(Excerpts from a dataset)

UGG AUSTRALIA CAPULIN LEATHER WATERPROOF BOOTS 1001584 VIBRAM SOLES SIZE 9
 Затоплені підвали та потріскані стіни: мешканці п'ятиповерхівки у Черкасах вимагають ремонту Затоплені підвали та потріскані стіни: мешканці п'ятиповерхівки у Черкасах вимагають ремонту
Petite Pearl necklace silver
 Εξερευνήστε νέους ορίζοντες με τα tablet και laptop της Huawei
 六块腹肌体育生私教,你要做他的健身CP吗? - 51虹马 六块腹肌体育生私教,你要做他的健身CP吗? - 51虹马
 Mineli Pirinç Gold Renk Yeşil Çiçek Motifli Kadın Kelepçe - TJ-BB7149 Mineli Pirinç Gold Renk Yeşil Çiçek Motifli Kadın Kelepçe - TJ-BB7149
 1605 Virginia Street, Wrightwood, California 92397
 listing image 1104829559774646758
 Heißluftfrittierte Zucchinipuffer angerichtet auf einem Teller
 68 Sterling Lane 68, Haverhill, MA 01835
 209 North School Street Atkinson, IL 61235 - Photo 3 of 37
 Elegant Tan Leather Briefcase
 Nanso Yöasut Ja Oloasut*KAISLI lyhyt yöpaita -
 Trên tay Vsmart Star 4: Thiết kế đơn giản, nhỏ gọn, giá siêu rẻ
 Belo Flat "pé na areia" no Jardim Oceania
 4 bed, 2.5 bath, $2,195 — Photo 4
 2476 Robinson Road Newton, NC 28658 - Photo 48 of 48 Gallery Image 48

- _What the exercise asks_
Repeat every line of the records above exactly.

- _Result for this task_
UGG AUSTRALIA CAPULIN LEATHER WATERPROOF BOOTS 1001584 VIBRAM SOLES SIZE 9
 Затоплені підвали та потріскані стіни: мешканці п'ятиповерхівки у Черкасах вимагають ремонту Затоплені підвали та потріскані стіни: мешканці п'ятиповерхівки у Черкасах вимагають ремонту
Petite Pearl necklace silver
 Εξερευνήστε νέους ορίζοντες με τα tablet και laptop της Huawei
 六块腹肌体育生私教,你要做他的健身CP吗? - 51虹马 六块腹肌体育生私教,你要做他的健身CP吗? - 51虹马
 Mineli Pirinç Gold Renk Yeşil Çiçek Motifli Kadın Kelepçe - TJ-BB7149 Mineli Pirinç Gold Renk Yeşil Çiçek Motifli Kadın Kelepçe - TJ-BB7149
 1605 Virginia Street, Wrightwood, California 92397
 listing image 1104829559774646758
 Heißluftfrittierte Zucchinipuffer angerichtet auf einem Teller
 68 Sterling Lane 68, Haverhill, MA 01835
 209 North School Street Atkinson, IL 61235 - Photo 3 of 37
 Elegant Tan Leather Briefcase
 Nanso Yöasut Ja Oloasut*KAISLI lyhyt yöpaita -
 Trên tay Vsmart Star 4: Thiết kế đơn giản, nhỏ gọn, giá siêu rẻ
 Belo Flat "pé na areia" no Jardim Oceania
 4 bed, 2.5 bath, $2,195 — Photo 4
 2476 Robinson Road Newton, NC 28658 - Photo 48 of 48 Gallery Image 48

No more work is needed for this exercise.